### Data provided
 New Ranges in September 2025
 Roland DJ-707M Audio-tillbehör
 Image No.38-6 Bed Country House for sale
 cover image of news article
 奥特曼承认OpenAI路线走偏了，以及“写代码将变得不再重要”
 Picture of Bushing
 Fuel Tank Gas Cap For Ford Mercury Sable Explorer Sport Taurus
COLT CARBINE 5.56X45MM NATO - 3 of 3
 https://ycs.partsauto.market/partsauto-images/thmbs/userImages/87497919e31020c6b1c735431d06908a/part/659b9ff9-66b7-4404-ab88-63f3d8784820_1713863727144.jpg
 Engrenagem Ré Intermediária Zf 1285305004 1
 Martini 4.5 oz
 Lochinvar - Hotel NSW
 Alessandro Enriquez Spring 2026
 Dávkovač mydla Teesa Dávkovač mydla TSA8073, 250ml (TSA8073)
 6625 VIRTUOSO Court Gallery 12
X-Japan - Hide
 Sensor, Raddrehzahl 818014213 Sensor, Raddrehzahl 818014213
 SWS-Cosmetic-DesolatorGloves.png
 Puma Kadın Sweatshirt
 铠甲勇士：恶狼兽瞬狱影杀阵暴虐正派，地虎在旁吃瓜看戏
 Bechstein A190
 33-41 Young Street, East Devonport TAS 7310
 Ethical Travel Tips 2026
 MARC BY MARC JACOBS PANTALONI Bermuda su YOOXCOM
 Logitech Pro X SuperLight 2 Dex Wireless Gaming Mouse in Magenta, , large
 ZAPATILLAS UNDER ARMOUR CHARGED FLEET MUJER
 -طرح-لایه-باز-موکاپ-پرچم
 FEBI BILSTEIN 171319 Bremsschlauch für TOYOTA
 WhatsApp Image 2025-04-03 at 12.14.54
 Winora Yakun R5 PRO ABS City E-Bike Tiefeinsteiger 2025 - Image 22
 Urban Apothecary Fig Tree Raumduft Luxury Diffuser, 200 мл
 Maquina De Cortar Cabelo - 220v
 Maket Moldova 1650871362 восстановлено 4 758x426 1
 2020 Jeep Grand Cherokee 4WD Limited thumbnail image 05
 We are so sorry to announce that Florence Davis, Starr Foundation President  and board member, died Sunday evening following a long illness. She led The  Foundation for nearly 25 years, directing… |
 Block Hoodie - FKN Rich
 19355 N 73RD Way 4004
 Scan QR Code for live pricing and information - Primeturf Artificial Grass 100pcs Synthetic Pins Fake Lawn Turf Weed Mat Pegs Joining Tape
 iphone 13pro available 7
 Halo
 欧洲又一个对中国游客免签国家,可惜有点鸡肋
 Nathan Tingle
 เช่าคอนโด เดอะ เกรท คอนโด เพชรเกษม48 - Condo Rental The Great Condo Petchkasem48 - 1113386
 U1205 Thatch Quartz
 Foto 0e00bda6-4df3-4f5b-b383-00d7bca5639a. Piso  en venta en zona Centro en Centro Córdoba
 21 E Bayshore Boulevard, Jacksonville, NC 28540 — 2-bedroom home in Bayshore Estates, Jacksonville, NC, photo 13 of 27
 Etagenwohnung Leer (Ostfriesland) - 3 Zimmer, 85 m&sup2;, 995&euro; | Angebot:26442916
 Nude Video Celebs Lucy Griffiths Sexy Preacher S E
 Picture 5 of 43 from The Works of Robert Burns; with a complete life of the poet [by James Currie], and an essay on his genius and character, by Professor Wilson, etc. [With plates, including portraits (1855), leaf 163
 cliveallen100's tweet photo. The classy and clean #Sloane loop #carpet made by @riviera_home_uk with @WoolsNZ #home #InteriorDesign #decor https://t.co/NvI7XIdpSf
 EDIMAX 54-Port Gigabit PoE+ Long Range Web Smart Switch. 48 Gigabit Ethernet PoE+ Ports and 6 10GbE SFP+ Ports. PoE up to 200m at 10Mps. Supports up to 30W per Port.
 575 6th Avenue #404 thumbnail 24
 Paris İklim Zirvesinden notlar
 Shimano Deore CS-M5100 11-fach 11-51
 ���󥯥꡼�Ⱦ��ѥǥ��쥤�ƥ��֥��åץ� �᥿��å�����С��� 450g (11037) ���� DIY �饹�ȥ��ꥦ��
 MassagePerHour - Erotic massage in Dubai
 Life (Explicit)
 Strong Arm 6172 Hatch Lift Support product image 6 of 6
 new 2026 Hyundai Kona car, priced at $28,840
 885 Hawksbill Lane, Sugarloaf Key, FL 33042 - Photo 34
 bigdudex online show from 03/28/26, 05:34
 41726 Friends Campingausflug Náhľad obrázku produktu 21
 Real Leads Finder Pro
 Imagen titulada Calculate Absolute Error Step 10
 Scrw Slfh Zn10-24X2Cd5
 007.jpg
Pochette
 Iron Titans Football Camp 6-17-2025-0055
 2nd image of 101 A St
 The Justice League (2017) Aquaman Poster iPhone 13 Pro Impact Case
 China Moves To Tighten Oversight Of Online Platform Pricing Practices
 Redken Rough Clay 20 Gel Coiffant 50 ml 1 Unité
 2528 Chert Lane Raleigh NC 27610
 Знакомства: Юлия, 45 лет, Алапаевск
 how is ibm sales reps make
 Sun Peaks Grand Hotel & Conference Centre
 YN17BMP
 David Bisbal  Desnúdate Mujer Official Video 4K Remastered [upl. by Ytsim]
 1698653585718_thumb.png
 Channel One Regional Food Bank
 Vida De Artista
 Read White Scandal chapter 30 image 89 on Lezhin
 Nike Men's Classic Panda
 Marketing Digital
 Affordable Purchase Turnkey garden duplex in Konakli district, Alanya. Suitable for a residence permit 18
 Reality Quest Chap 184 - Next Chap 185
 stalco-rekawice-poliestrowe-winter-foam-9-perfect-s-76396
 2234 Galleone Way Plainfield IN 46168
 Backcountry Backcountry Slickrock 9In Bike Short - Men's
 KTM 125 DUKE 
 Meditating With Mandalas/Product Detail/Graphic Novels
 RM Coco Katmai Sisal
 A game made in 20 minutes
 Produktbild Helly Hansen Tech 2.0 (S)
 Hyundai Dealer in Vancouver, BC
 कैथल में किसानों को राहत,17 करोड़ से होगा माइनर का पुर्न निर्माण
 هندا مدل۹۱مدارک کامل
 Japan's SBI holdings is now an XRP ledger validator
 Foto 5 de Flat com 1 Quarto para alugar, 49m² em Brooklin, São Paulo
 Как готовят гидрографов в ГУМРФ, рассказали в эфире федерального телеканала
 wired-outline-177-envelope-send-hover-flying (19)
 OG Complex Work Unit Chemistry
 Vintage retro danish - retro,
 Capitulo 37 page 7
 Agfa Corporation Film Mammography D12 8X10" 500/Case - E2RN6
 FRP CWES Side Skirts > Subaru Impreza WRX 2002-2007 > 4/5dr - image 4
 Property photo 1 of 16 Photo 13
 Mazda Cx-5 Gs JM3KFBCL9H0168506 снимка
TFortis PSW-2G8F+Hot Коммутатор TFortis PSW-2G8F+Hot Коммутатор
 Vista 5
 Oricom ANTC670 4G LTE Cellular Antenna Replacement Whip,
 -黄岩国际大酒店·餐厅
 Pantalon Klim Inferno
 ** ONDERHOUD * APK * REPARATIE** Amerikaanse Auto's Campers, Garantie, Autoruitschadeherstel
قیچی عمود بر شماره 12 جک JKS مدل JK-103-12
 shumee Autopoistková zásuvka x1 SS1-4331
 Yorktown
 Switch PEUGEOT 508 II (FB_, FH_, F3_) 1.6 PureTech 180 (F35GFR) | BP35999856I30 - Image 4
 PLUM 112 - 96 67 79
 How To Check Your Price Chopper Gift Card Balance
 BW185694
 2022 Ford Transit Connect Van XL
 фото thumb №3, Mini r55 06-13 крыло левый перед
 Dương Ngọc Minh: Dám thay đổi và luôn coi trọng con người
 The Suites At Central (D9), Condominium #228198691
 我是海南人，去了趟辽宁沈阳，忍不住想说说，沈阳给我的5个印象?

### Work instructions
Please make an exact copy of the lines above from the line with "X-Japan - Hide" through the line with "cliveallen100's tweet photo.", both ends included.

### Exercise output
X-Japan - Hide
 Sensor, Raddrehzahl 818014213 Sensor, Raddrehzahl 818014213
 SWS-Cosmetic-DesolatorGloves.png
 Puma Kadın Sweatshirt
 铠甲勇士：恶狼兽瞬狱影杀阵暴虐正派，地虎在旁吃瓜看戏
 Bechstein A190
 33-41 Young Street, East Devonport TAS 7310
 Ethical Travel Tips 2026
 MARC BY MARC JACOBS PANTALONI Bermuda su YOOXCOM
 Logitech Pro X SuperLight 2 Dex Wireless Gaming Mouse in Magenta, , large
 ZAPATILLAS UNDER ARMOUR CHARGED FLEET MUJER
 -طرح-لایه-باز-موکاپ-پرچم
 FEBI BILSTEIN 171319 Bremsschlauch für TOYOTA
 WhatsApp Image 2025-04-03 at 12.14.54
 Winora Yakun R5 PRO ABS City E-Bike Tiefeinsteiger 2025 - Image 22
 Urban Apothecary Fig Tree Raumduft Luxury Diffuser, 200 мл
 Maquina De Cortar Cabelo - 220v
 Maket Moldova 1650871362 восстановлено 4 758x426 1
 2020 Jeep Grand Cherokee 4WD Limited thumbnail image 05
 We are so sorry to announce that Florence Davis, Starr Foundation President  and board member, died Sunday evening following a long illness. She led The  Foundation for nearly 25 years, directing… |
 Block Hoodie - FKN Rich
 19355 N 73RD Way 4004
 Scan QR Code for live pricing and information - Primeturf Artificial Grass 100pcs Synthetic Pins Fake Lawn Turf Weed Mat Pegs Joining Tape
 iphone 13pro available 7
 Halo
 欧洲又一个对中国游客免签国家,可惜有点鸡肋
 Nathan Tingle
 เช่าคอนโด เดอะ เกรท คอนโด เพชรเกษม48 - Condo Rental The Great Condo Petchkasem48 - 1113386
 U1205 Thatch Quartz
 Foto 0e00bda6-4df3-4f5b-b383-00d7bca5639a. Piso  en venta en zona Centro en Centro Córdoba
 21 E Bayshore Boulevard, Jacksonville, NC 28540 — 2-bedroom home in Bayshore Estates, Jacksonville, NC, photo 13 of 27
 Etagenwohnung Leer (Ostfriesland) - 3 Zimmer, 85 m&sup2;, 995&euro; | Angebot:26442916
 Nude Video Celebs Lucy Griffiths Sexy Preacher S E
 Picture 5 of 43 from The Works of Robert Burns; with a complete life of the poet [by James Currie], and an essay on his genius and character, by Professor Wilson, etc. [With plates, including portraits (1855), leaf 163
 cliveallen100's tweet photo. The classy and clean #Sloane loop #carpet made by @riviera_home_uk with @WoolsNZ #home #InteriorDesign #decor https://t.co/NvI7XIdpSf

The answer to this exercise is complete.